Some, admixtures are capable of modifying more than one properties of the concrete or grout mix even though they are normally used to modify a single one. In other words, such an admixture used for a particular purpose can also be introduced in a mix for one or more other purposes.
For example, a water reducing admixture can also be used to enhance the workability of a concrete mix as it is capable of modifying both the properties i.e. water to cement ratio (w/c ratio) as well as workability of the mix. That means, if higher workability is to be achieved without adding additional water to the mix, ie without changing the w/c ratio of the mix, a water reducing admixture can be introduced to the mix which otherwise is used to reduce the w/c ratio without reducing workability. In the first case, workability gets increased without addition of any further water to the mix and hence it is as good as reducing water. In the second case, the admixture enables reduction of water content (or the w/c ratio) of the concrete mix without decreasing it’s workability. In other words, the desired workability has been kept intact and the w/c ratio too has been reduced by introducing the admixture.
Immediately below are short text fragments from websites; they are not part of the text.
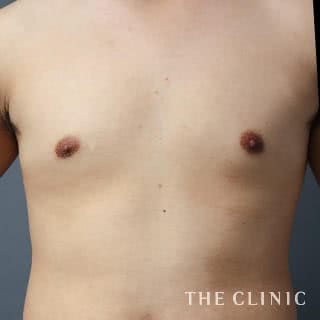 症例写真 / 女性化乳房治療(男性の胸の膨らみ改善) 術後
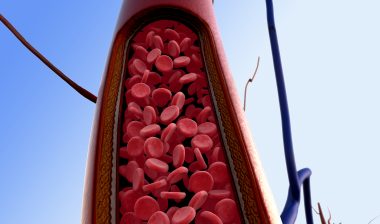 blood-clot-filter-risks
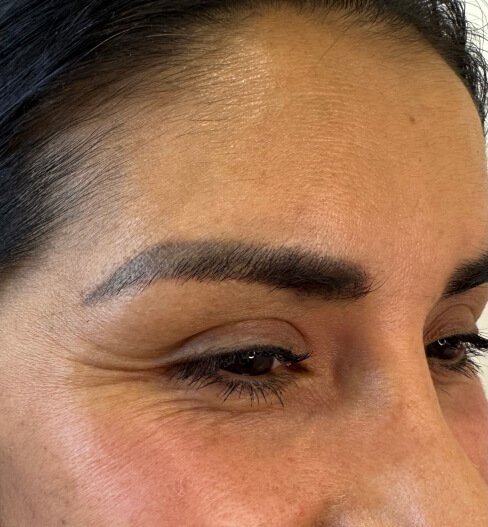 caso 3 antes saint clinica dermatologica 03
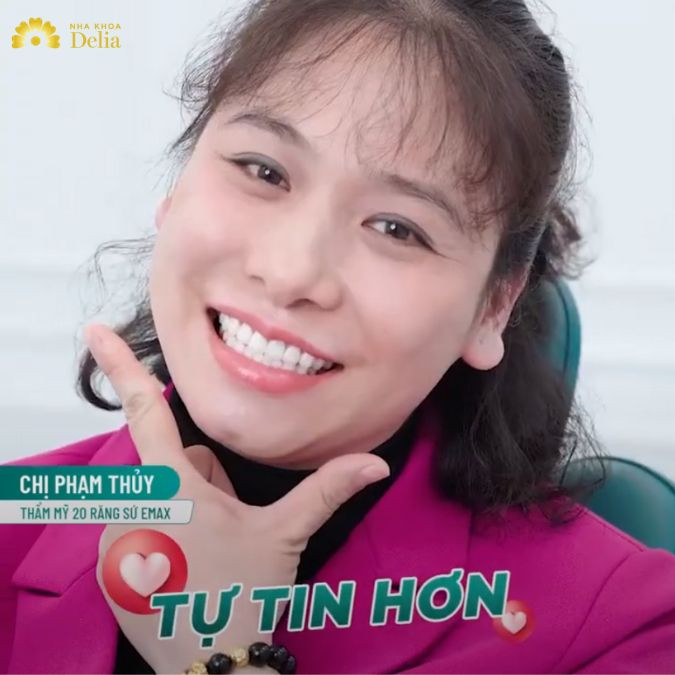 Hành trình thẩm mỹ 20 răng sứ Emax của chị Phạm Thủy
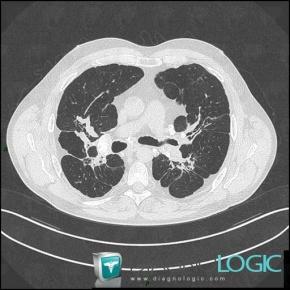 Sarcoidosis, Pulmonary parenchyma, CT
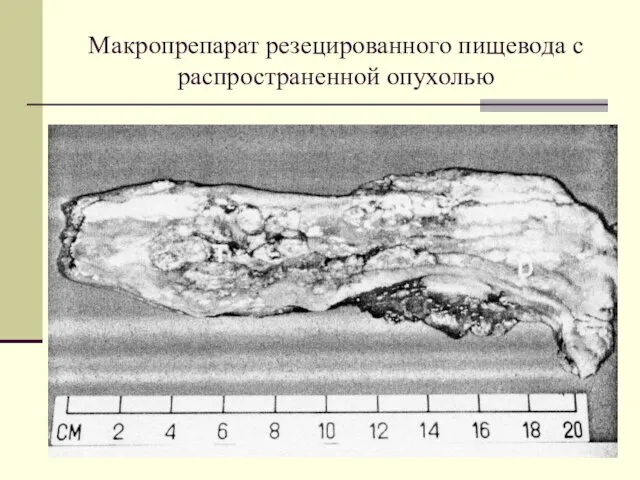 Макропрепарат резецированного пищевода с распространенной опухолью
Now, the same admixture can also modify a third property which is the strength of the concrete when the mix hardens. Actually, the basic aim of modifying the property called the w/c ratio is only to modify the property named strength eventually. The basic purpose of reducing the water content, and thus the w/c ratio, of a concrete mix is to increase the strength of the resulting concrete.
Interestingly, the same water reducing admixture can also be used to modify a fourth parameter of the mix – the cement content. Suppose, a concrete mix has been designed to achieve a desired characteristic strength (f”) at a desired workability (Wk) and w/c ratio without introducing any admixture. Now, if the aim is only to reduce the cement content of the mix without modifying other properties, then addition of a suitable dose of the same water reducing admixture can serve the purpose. That’s because, due to the introduction of the admixture water content will get reduced for the same workability Wk. Since, no change in f” is wanted, the cement content now can be reduced proportionately so that the same old w/c ratio w is maintained. In this case, the same old admixture has enabled reduction of the cement content, and thus more economy, without affecting other parameters at all.
The optimum doses of admixtures are usually prescribed clearly by their manufacturers. The same should be considered during the process of designing the mix itself in order to to fix the exact quantities to be introduced.